Operations to plug and abandon the Hurricane Ike damaged EI268 field have been largely completed and paid for by insurance cover.

During the period, we also participated in the drilling of seven wells and over 14 recompletion or workover procedures, with two drilling rigs. Total net production was 0.16 mmbbl of liquids and 2.9 bcf of gas, making a total of 3.8 bcf for an average rate of 21.2 mmcfge/d during the first six months of 2009.

Independent third party and company reserve reports, effective 1 April 2009, estimated proved reserves of 53.0 bcf and probable reserves of 41.5 bcf (31 December 2008: 61 bcf and 42 bcf respectively) of which 73% is gas and 27% is oil. The decline of 8.5 bcf in 2P reserves was the result of 2 bcf of production, the effect of lower gas prices and a change in reserve categorisation.

Austin Chalk

No new wells were drilled during this period. Subsequent to the end of the period, the division has assumed the operatorship of future drilling activities. The infill development well Apolonia #2 was spudded (91.5% WI) and the first lateral has been successfully completed and the second lateral is being drilled. The well is designed to take advantage of recent success in this area utilising dual 5,000 ft laterals in the Austin Chalk. By utilising dual laterals, operators have been able to increase the recoverable reserves dramatically with less than a 20% increase in drilling costs. The division is carrying five additional confirmed and eight possible follow up locations planned for 2010 drilling and beyond. Current net production for this project area is approximately 0.9 mmcfge/d.
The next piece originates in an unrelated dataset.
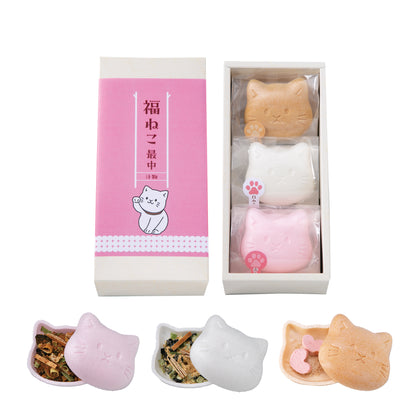 福ねこ最中【汁物】味噌汁・お吸い物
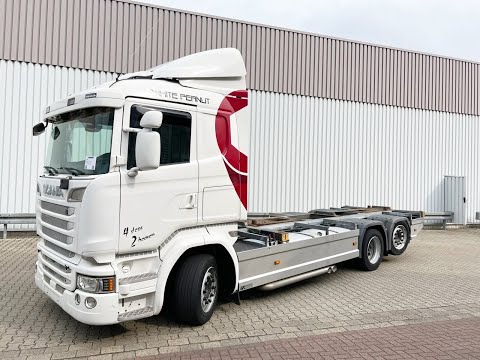 SCANIA R 520 LB 6x2-4, V8, Retarder, Lenk-/Liftachse, Standklima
STS Eagle Ford Shale Project

In 2008, Sterling initiated and participated in a 90 sq km 3D seismic survey. During 2009, several operators including Petrohawk made significant discoveries drilling horizontal wells in the Eagle Ford shale resource play. The division farmed out a portion of its ownership in the block retaining approximately a 10% WI. The first well has been drilled and is producing over 7 mmcfge/d (520 mcfge/d net) and the second well is currently drilling. Nearby operators have reported gross reserves of up to 5 bcf per well, based on 160 acre spacing.  Using this projection there are potentially up to 55 additional locations on our block.

Viking Joint Venture

In 2007, Sterling entered into a joint venture with Viking International Petroleum in which the Company gained access to a substantial inventory of drilling opportunities. Prior to 2009, nine wells had been drilled with four successfully completed. During 2009, four additional wells have been drilled, with three completed, and one well testing. Current production is approximately 1 mmcfge/d with three further additional wells scheduled to be drilled before the end of the year.

Eugene Island 268

In 2008, Hurricane Ike severely damaged the Sterling operated EI268 platform and well. In early 2009, an agreement was reached with the insurers to plug and abandon the well and remove the damaged platform. This work was initiated in the second quarter of 2009, and has now been largely completed, and with costs covered by insurance cover.

 

 

FINANCIAL REPORT

Overview

The current economic and operating environment remains challenging. At the end of June 2009, following continued weakening of the USA gas prices during the second half of 2008 and 2009, Sterling had a debt gap of $24.3 million. This is calculated as excess drawings over the level available under the terms of its Borrowing Base Facility. Based on Borrowing Base forecasts in January 2009, the Borrowing Base was forecast to fall from $76.3 million to $58.5 million in August 2009. Since the January forecast there has been further weakening of the USA gas prices, which would have resulted in a lower Borrowing Base for August than was originally forecast in January 2009. In April 2009, the Company secured a waiver agreement with the banks which allowed Sterling to reschedule its loan payments until the Borrowing Base review scheduled for August 2009. Under this Borrowing Base Facility, at the end of June 2009, Sterling had an outstanding balance of $100.3 million. Additionally, Sterling had drawn down $11.0 million under its Corporate Facility.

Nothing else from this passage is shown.